» **Data for this exercise**:
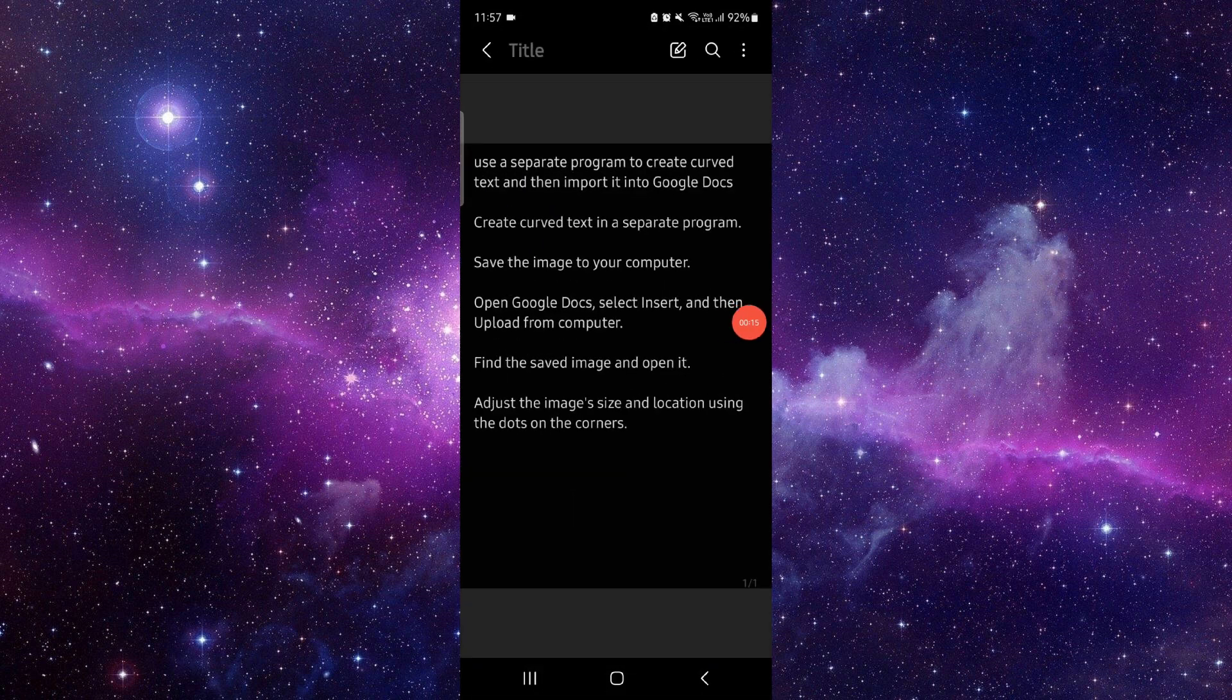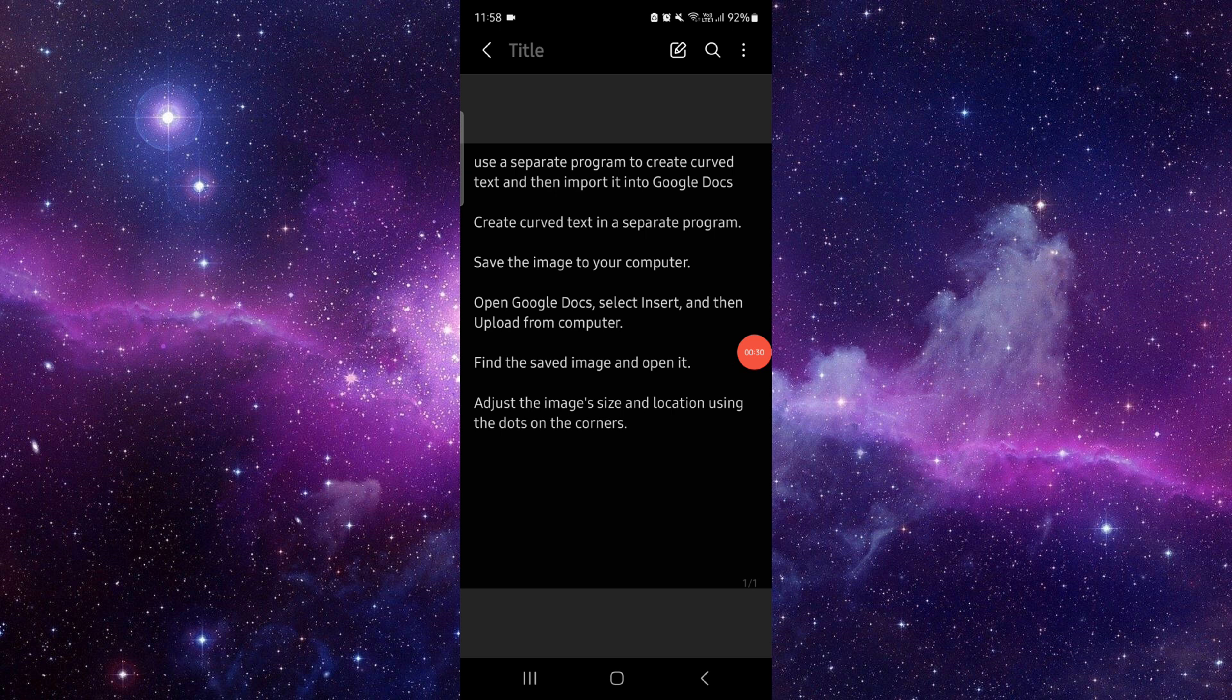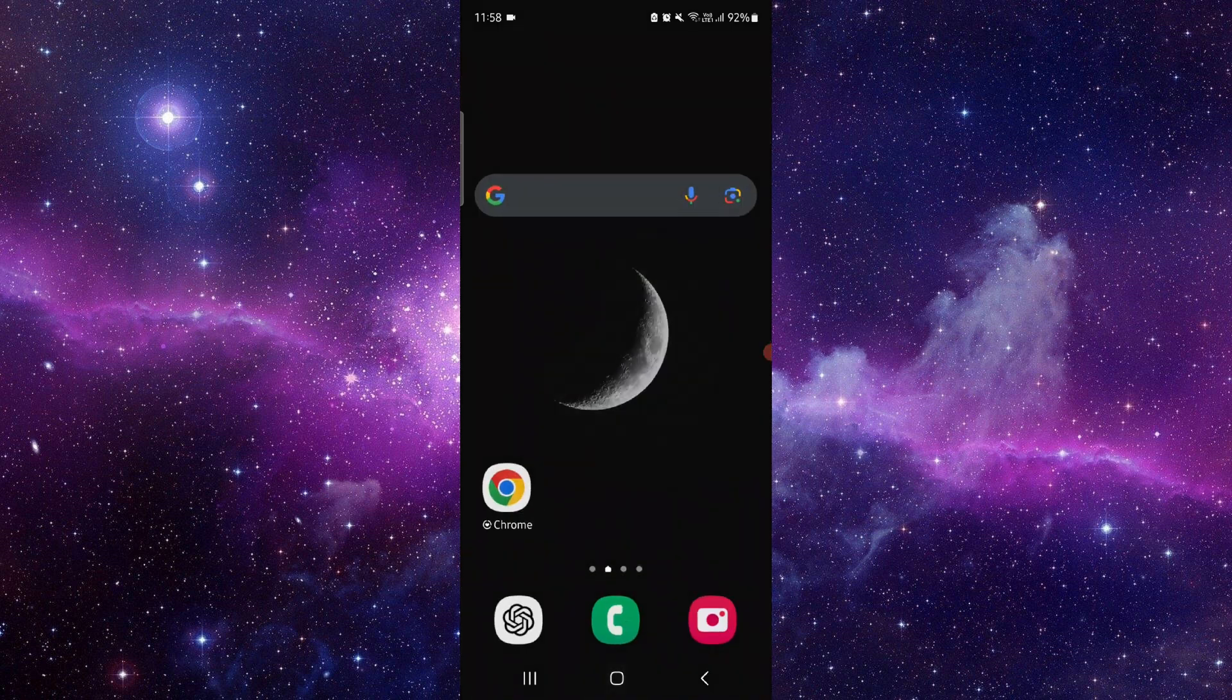First, you have to use a separate program to create the curved text, then import it to Google Docs. Create the curved text, save it to your computer, then open Google Docs and you can open it. And done, so this is how to curve text in Google Docs.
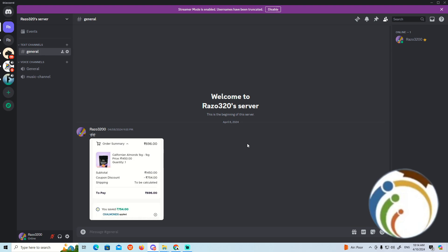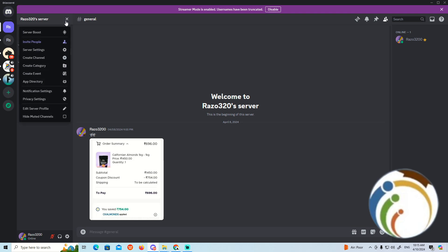First, go to your server and click on the top right. Once you do that, click on settings for the server.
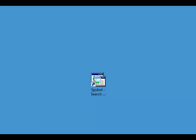Now we need to open Spybot Search and Destroy. If you're using Windows XP, all you need to do is double-click on the icon on the desktop.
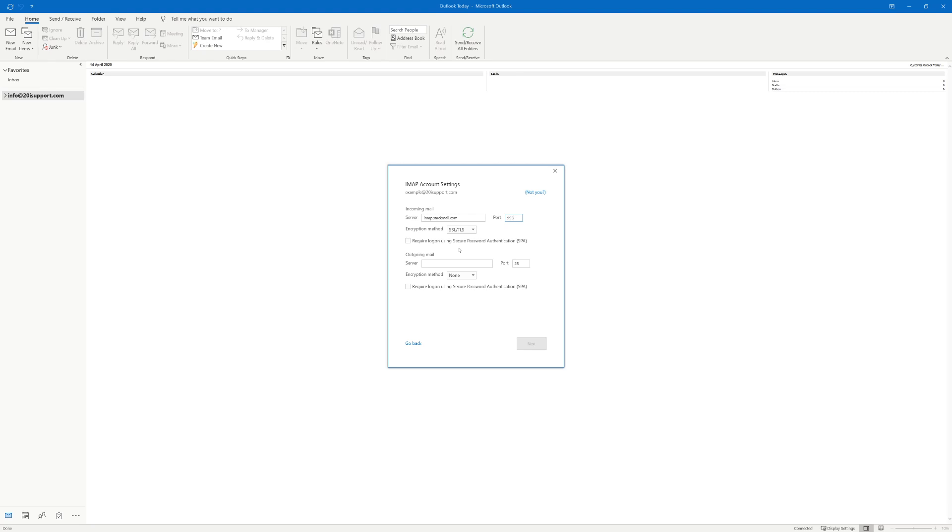Moving on to the outgoing settings, ensure that the outgoing server is set to be smtp.stackmail.com. Again ensure that the encryption method is SSL and that the outgoing port is set to be 465.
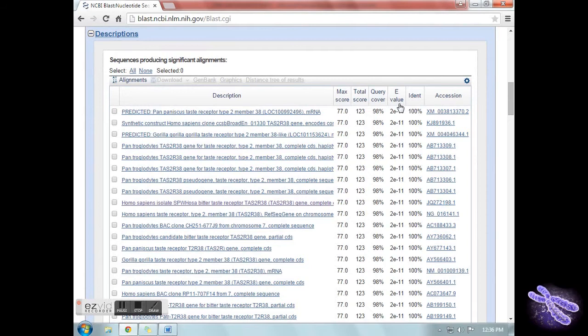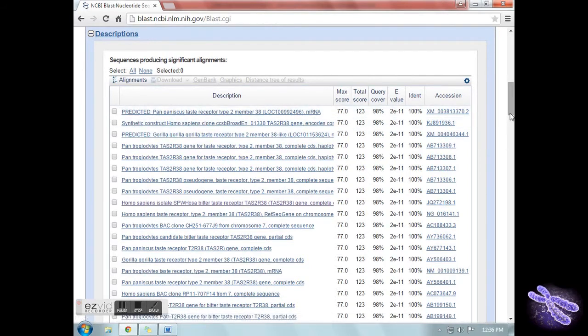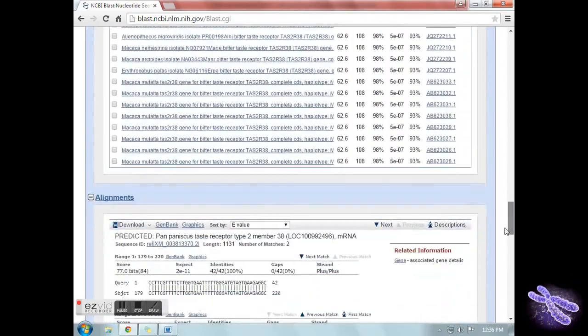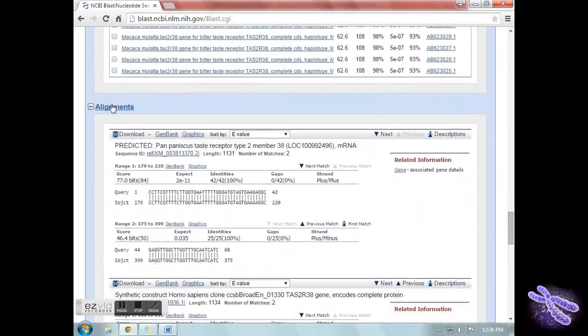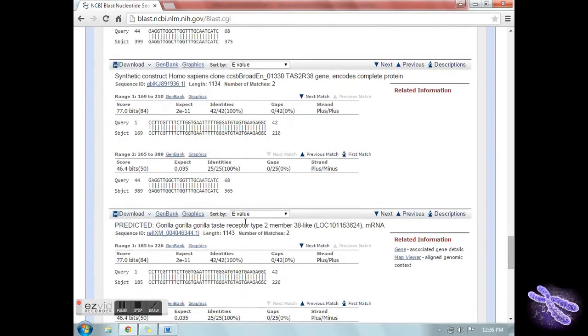Second is a list of significant alignments with accession information. Take notice of the E value. And last is a detailed view of each query sequence aligned to the sequence you searched.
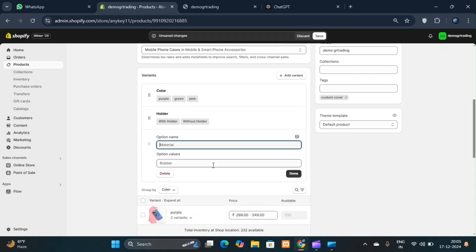The problem arises when you have to add these options individually to each product. If you make a mistake, you'll have to edit the variant options for each product one by one. This becomes a lengthy process, especially if you have multiple products or variants.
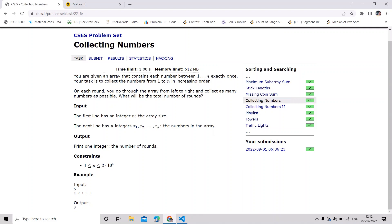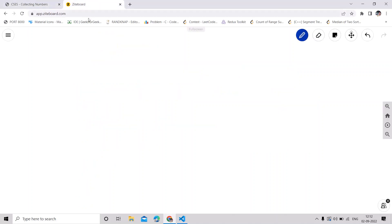In this video we are going to solve the problem 'Collecting Numbers'. We are given an array that contains each number between 1 to n exactly once, and our task is to collect the numbers from 1 to n in increasing order. Total numbers can be up to 2 × 10^5.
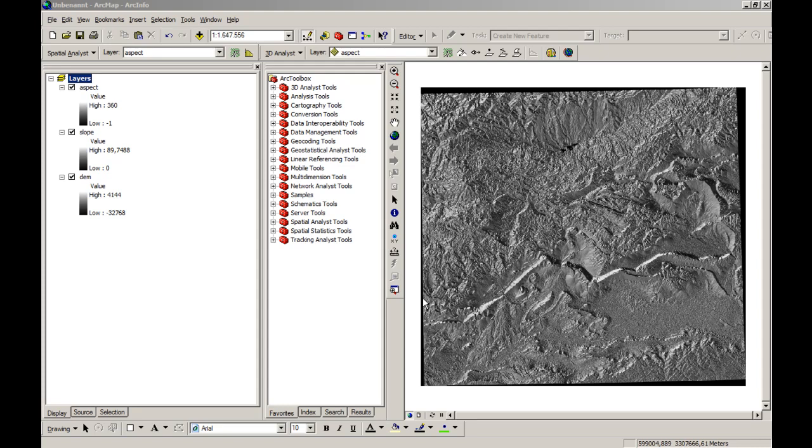In this short video lesson I would like to present you a way of binary overlay method to assess the possibility of landslides and also some kind of rock faults. Therefore we will need three layers.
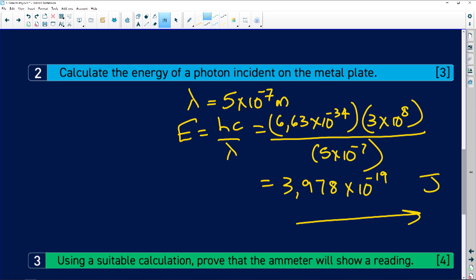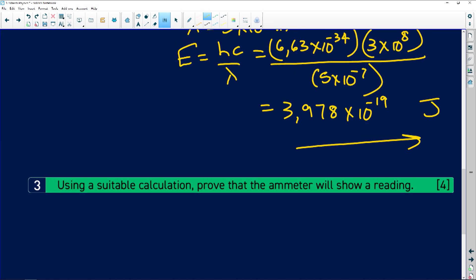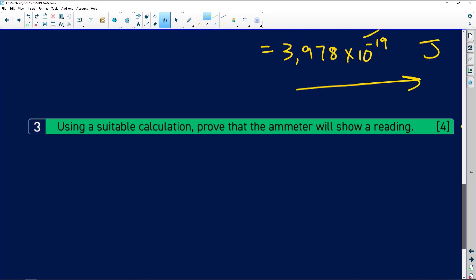The next question asks you to prove that an ammeter reading will be shown. The ammeter shows a reading when the incoming light has a frequency greater than or equal to the threshold frequency — in other words, when the energy of the incoming light is greater than or equal to the work function. The simplest approach is to calculate the work function of the metal and compare it to the photon energy of 3.978×10⁻¹⁹ joules.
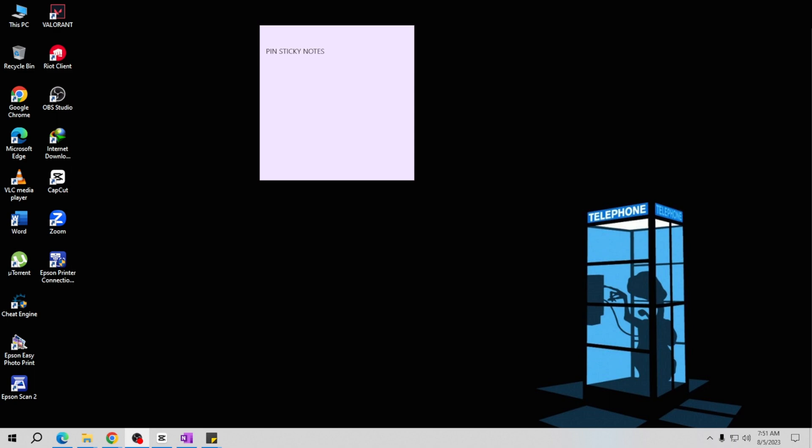To pin sticky notes to the taskbar, first open the Sticky Notes app on your computer. Find it in the Start menu or by searching for it in the search bar. Once the app is open, right-click on the Sticky Notes icon in the taskbar.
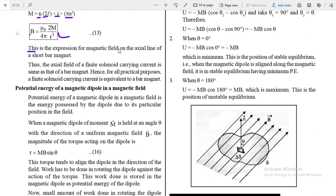This expression for magnetic field on the axial line of a solenoid is the same as the expression for magnetic field on the axial line of a short bar magnet. Therefore, these two are equivalent — the axial field of a finite solenoid carrying current is the same as that of a bar magnet. Hence for all practical purposes, a finite solenoid carrying current is equivalent to a bar magnet.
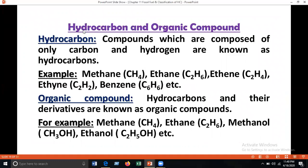Now we'll discuss hydrocarbons and organic compounds. A hydrocarbon is a compound composed of only carbon and hydrogen. Examples include methane (CH₄), ethene (C₂H₄), ethane (C₂H₂), and benzene (C₆H₆) — all are hydrocarbons.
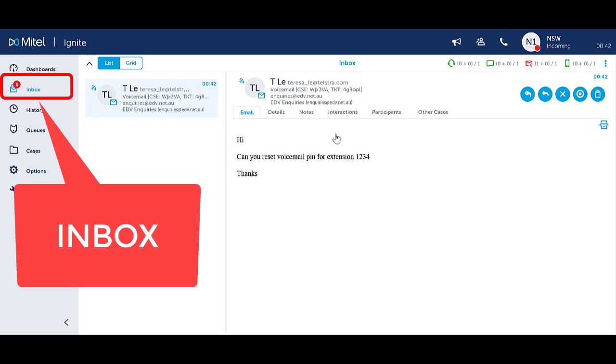The toaster notification only appears for a set amount of time. If you miss the toaster notification, the incoming interaction is visible in your inbox on the left hand menu panel.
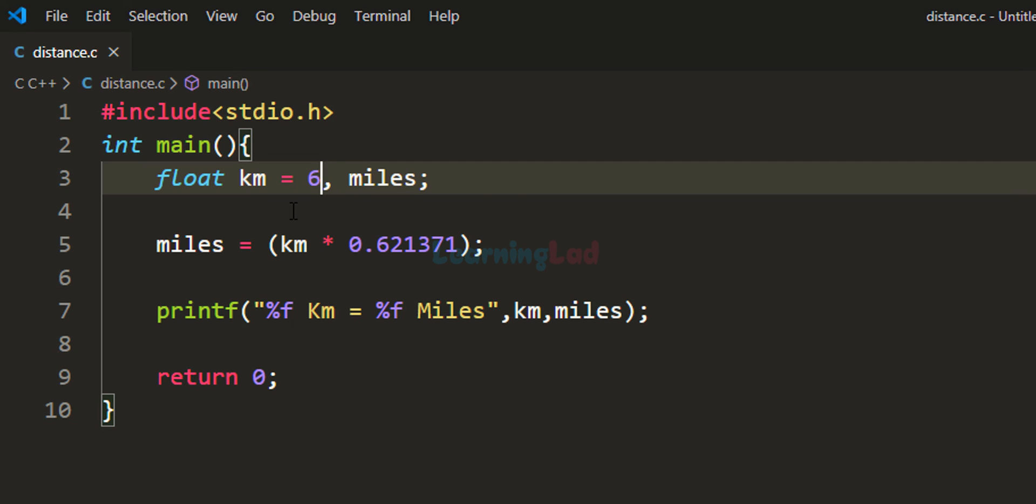So this is it for this video. This is how we can write a simple C program to convert distance in km to miles.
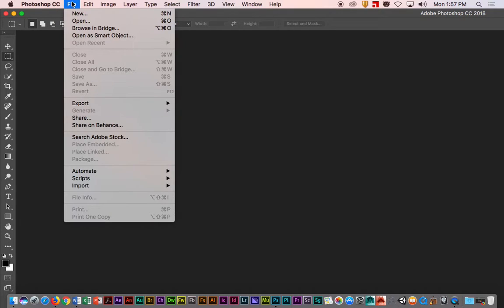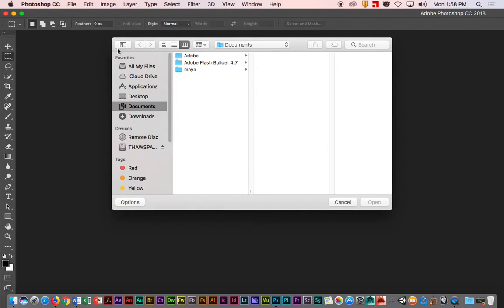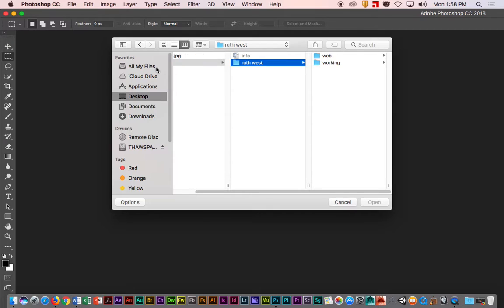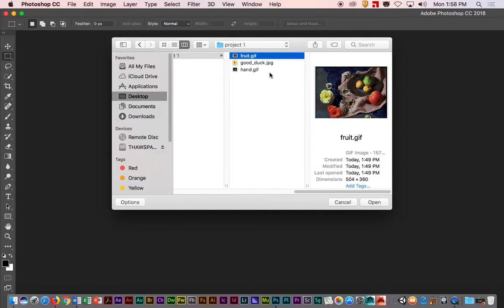Start by opening our images. We just go to open and we're going to go to our desktop, to our files. We have them stuck in our working folder, project one. Now we can open them one at a time and just click and go open, or we can do this.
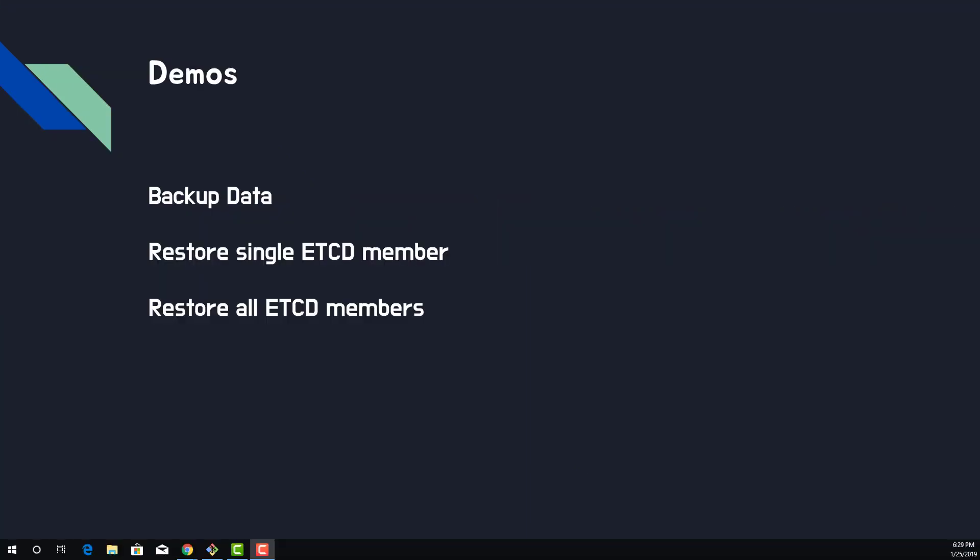First, backup data. Second, restore a single ETCD member. Third, restore all ETCD members — that is really a disaster scenario. This presentation is for explanation about these demos.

» **Activity**: Transcribe the listing above in full. Pictures are not part of the copy.

» **Solution to the exercise**:
First, you have to use a separate program to create the curved text, then import it to Google Docs. Create the curved text, save it to your computer, then open Google Docs and you can open it. And done, so this is how to curve text in Google Docs.
First, go to your server and click on the top right. Once you do that, click on settings for the server.
Now we need to open Spybot Search and Destroy. If you're using Windows XP, all you need to do is double-click on the icon on the desktop.
Moving on to the outgoing settings, ensure that the outgoing server is set to be smtp.stackmail.com. Again ensure that the encryption method is SSL and that the outgoing port is set to be 465.
Second is a list of significant alignments with accession information. Take notice of the E value. And last is a detailed view of each query sequence aligned to the sequence you searched.
The problem arises when you have to add these options individually to each product. If you make a mistake, you'll have to edit the variant options for each product one by one. This becomes a lengthy process, especially if you have multiple products or variants.
In this video we are going to solve the problem 'Collecting Numbers'. We are given an array that contains each number between 1 to n exactly once, and our task is to collect the numbers from 1 to n in increasing order. Total numbers can be up to 2 × 10^5.
In this short video lesson I would like to present you a way of binary overlay method to assess the possibility of landslides and also some kind of rock faults. Therefore we will need three layers.
The next question asks you to prove that an ammeter reading will be shown. The ammeter shows a reading when the incoming light has a frequency greater than or equal to the threshold frequency — in other words, when the energy of the incoming light is greater than or equal to the work function. The simplest approach is to calculate the work function of the metal and compare it to the photon energy of 3.978×10⁻¹⁹ joules.
To pin sticky notes to the taskbar, first open the Sticky Notes app on your computer. Find it in the Start menu or by searching for it in the search bar. Once the app is open, right-click on the Sticky Notes icon in the taskbar.
This expression for magnetic field on the axial line of a solenoid is the same as the expression for magnetic field on the axial line of a short bar magnet. Therefore, these two are equivalent — the axial field of a finite solenoid carrying current is the same as that of a bar magnet. Hence for all practical purposes, a finite solenoid carrying current is equivalent to a bar magnet.
Now we'll discuss hydrocarbons and organic compounds. A hydrocarbon is a compound composed of only carbon and hydrogen. Examples include methane (CH₄), ethene (C₂H₄), ethane (C₂H₂), and benzene (C₆H₆) — all are hydrocarbons.
The toaster notification only appears for a set amount of time. If you miss the toaster notification, the incoming interaction is visible in your inbox on the left hand menu panel.
So this is it for this video. This is how we can write a simple C program to convert distance in km to miles.
Start by opening our images. We just go to open and we're going to go to our desktop, to our files. We have them stuck in our working folder, project one. Now we can open them one at a time and just click and go open, or we can do this.
First, backup data. Second, restore a single ETCD member. Third, restore all ETCD members — that is really a disaster scenario. This presentation is for explanation about these demos.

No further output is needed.